5. Aux termes de l'article L. 45-1 du code des postes et communications électroniques dans sa rédaction applicable à la date de signature des conventions litigieuses : " Les opérateurs titulaires de l'autorisation prévue à l'article L. 33-1 bénéficient d'un droit de passage sur le domaine public routier et de servitudes sur les propriétés privées mentionnées à l'article L. 48, dans les conditions indiquées ci-après. / Les autorités concessionnaires ou gestionnaires du domaine public non routier, lorsqu'elles donnent accès à des opérateurs titulaires de l'autorisation prévue à l'article L. 33-1, doivent le faire sous la forme de convention, dans des conditions transparentes et non discriminatoires et dans toute la mesure où cette occupation n'est pas incompatible avec son affectation ou avec les capacités disponibles. La convention donnant accès au domaine public non routier ne peut contenir de dispositions relatives aux conditions commerciales de l'exploitation. Elle peut donner lieu à versement de redevances dues à l'autorité concessionnaire ou gestionnaire du domaine public concerné dans le respect du principe d'égalité entre les opérateurs.
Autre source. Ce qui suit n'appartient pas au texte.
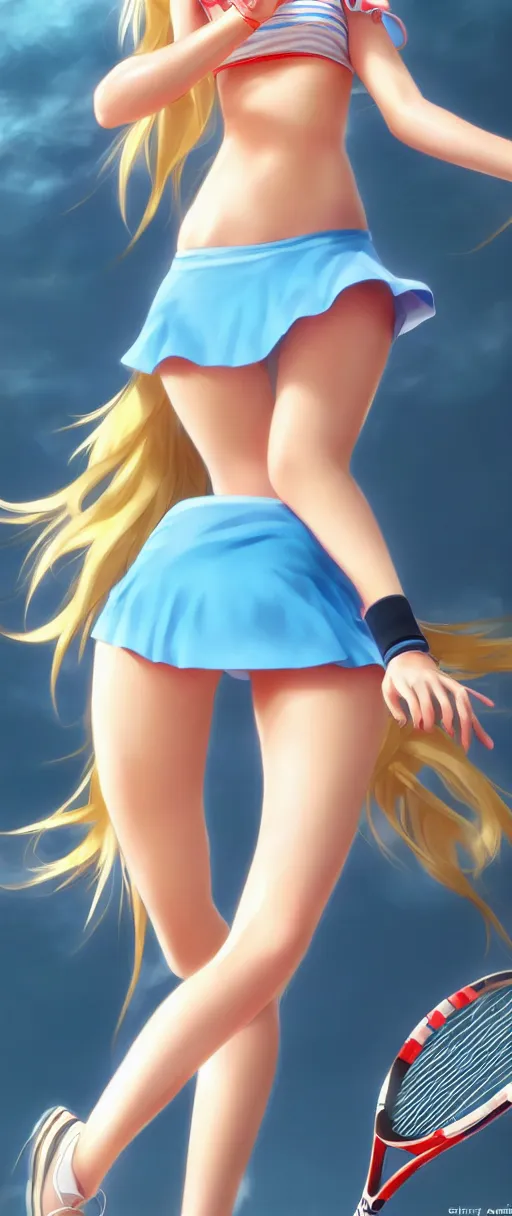 Image similar to a very beautiful young anime tennis girl, full body, long wavy blond hair, sky blue eyes, ( ( ( full round face ) ) ), short smile, bikini, miniskirt, front view, mid - shot, highly detailed, cinematic wallpaper by stanley artgerm lau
Ces redevances sont raisonnables et proportionnées à l'usage du domaine. / L'installation des infrastructures et des équipements doit être réalisée dans le respect de l'environnement et de la qualité esthétique des lieux, et dans les conditions les moins dommageables pour les propriétés privées et le domaine public. "
6. En premier lieu, il résulte de l'instruction que les deux conventions conclues par la société Level 3 communications France et la société GC Pan european crossing, aux droits desquelles la société Centurylink communications France est venue, dont la nullité n'est pas alléguée et ne résulte pas de l'instruction, stipulaient que l'occupation du domaine public fluvial par les infrastructures de télécommunications ponctuelles donnaient lieu à la perception d'une redevance forfaitaire annuelle au profit de VNF. Selon l'article 18 de la convention du 27 mars 2000 et l'article 12 de la convention du 4 avril 2000, dont il ne résulte pas de l'instruction qu'elles n'auraient pas été librement consenties par les parties, cette redevance était calculée selon une formule prédéfinie et révisée annuellement par référence exclusive à l'évolution de l'indice du coût de la construction publié trimestriellement par l'INSEE.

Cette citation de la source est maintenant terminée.